Yup. Copying my post from reddit: Seems like the title should really be criticis...

Yup. Copying my post from reddit:

Seems like the title should really be criticisms of STT groups in the industry, work from academic groups is ignored.

The original article was kind of silly anyways, it was all engineering work, very little research. Engineering work is important, but you're not going to get an image net moment in ASR by twiddling with hyperparameters or reducing training time. Also a bizarre decision to pick deepspeech as a framework, of course your models will take forever to train and won't even be that good in the end. It's end-to-end and hasn't been SOTA for a while.

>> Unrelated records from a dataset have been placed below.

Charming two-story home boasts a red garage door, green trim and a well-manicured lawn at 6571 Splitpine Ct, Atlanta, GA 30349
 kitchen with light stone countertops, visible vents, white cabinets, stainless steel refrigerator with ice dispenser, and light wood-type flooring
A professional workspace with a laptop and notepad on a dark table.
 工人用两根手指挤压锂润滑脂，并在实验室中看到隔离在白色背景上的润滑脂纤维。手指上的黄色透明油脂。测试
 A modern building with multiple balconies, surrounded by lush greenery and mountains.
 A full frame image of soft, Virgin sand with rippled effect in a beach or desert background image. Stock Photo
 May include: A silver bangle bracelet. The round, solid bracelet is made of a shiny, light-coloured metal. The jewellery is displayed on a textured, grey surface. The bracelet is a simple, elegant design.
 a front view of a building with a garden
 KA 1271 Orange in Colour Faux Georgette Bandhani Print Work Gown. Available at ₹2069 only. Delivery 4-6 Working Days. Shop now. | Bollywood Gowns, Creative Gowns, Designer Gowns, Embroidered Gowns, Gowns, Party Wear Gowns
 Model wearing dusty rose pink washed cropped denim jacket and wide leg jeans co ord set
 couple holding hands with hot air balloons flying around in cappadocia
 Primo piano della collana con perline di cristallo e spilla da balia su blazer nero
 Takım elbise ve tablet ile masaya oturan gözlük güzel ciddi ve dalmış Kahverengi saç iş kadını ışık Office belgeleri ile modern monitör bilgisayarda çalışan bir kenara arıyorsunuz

> It is hard to include the original Deep Speech paper in this list, mainly because of how many different things they tried, popularized, and pioneered.

Had to laugh at this. What exactly did they "popularize and pioneer" other than the practice of training and reporting results on very large private datasets? [This, among others, was a much more important end-to-end paper I think.](https://arxiv.org/pdf/1303.5778.pdf)

There are some good points about using private datasets and overfitting on a read-speech dataset, and using very large models etc. but I really wish they would have used their data to train a kaldi system. I can guess why they didn't, they have no background in speech and found it too hard to use. Still disappointing.

Anyways, I would argue the reason that a "imagenet moment" hasn't arrived for ASR is that vision is universal, but speech splits into different languages, making it much harder to build a single model that everyone else can use as a seed model. I believe multilingual models are the future.